Copy out all the entries word for word.

BEGIN

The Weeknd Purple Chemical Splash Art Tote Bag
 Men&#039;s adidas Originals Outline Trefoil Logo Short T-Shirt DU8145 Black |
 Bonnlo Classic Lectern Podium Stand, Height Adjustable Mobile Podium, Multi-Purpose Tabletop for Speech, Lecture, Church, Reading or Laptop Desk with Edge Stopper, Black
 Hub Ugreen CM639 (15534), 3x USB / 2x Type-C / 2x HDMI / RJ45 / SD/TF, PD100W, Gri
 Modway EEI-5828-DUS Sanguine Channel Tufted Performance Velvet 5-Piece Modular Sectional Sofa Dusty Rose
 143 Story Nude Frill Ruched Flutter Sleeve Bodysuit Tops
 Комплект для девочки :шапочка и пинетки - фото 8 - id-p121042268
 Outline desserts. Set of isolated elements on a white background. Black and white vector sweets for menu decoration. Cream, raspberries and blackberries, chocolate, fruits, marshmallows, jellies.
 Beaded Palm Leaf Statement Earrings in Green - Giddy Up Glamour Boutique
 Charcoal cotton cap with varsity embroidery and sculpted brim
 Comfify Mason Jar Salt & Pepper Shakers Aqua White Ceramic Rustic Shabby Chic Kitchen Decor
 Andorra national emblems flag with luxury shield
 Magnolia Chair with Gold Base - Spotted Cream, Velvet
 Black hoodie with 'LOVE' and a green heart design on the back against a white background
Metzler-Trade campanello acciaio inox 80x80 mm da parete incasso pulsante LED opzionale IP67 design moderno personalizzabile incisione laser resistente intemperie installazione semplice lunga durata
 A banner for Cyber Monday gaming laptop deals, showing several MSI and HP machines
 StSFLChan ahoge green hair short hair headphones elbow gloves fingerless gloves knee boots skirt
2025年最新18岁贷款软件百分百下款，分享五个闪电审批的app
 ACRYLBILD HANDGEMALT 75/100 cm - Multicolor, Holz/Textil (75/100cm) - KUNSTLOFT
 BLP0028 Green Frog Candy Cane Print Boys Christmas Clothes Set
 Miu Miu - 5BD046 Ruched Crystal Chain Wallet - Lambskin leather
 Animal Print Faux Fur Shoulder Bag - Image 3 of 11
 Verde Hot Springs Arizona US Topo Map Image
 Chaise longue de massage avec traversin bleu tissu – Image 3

END

SOLUTION FOR THIS EXERCISE
The Weeknd Purple Chemical Splash Art Tote Bag
 Men&#039;s adidas Originals Outline Trefoil Logo Short T-Shirt DU8145 Black |
 Bonnlo Classic Lectern Podium Stand, Height Adjustable Mobile Podium, Multi-Purpose Tabletop for Speech, Lecture, Church, Reading or Laptop Desk with Edge Stopper, Black
 Hub Ugreen CM639 (15534), 3x USB / 2x Type-C / 2x HDMI / RJ45 / SD/TF, PD100W, Gri
 Modway EEI-5828-DUS Sanguine Channel Tufted Performance Velvet 5-Piece Modular Sectional Sofa Dusty Rose
 143 Story Nude Frill Ruched Flutter Sleeve Bodysuit Tops
 Комплект для девочки :шапочка и пинетки - фото 8 - id-p121042268
 Outline desserts. Set of isolated elements on a white background. Black and white vector sweets for menu decoration. Cream, raspberries and blackberries, chocolate, fruits, marshmallows, jellies.
 Beaded Palm Leaf Statement Earrings in Green - Giddy Up Glamour Boutique
 Charcoal cotton cap with varsity embroidery and sculpted brim
 Comfify Mason Jar Salt & Pepper Shakers Aqua White Ceramic Rustic Shabby Chic Kitchen Decor
 Andorra national emblems flag with luxury shield
 Magnolia Chair with Gold Base - Spotted Cream, Velvet
 Black hoodie with 'LOVE' and a green heart design on the back against a white background
Metzler-Trade campanello acciaio inox 80x80 mm da parete incasso pulsante LED opzionale IP67 design moderno personalizzabile incisione laser resistente intemperie installazione semplice lunga durata
 A banner for Cyber Monday gaming laptop deals, showing several MSI and HP machines
 StSFLChan ahoge green hair short hair headphones elbow gloves fingerless gloves knee boots skirt
2025年最新18岁贷款软件百分百下款，分享五个闪电审批的app
 ACRYLBILD HANDGEMALT 75/100 cm - Multicolor, Holz/Textil (75/100cm) - KUNSTLOFT
 BLP0028 Green Frog Candy Cane Print Boys Christmas Clothes Set
 Miu Miu - 5BD046 Ruched Crystal Chain Wallet - Lambskin leather
 Animal Print Faux Fur Shoulder Bag - Image 3 of 11
 Verde Hot Springs Arizona US Topo Map Image
 Chaise longue de massage avec traversin bleu tissu – Image 3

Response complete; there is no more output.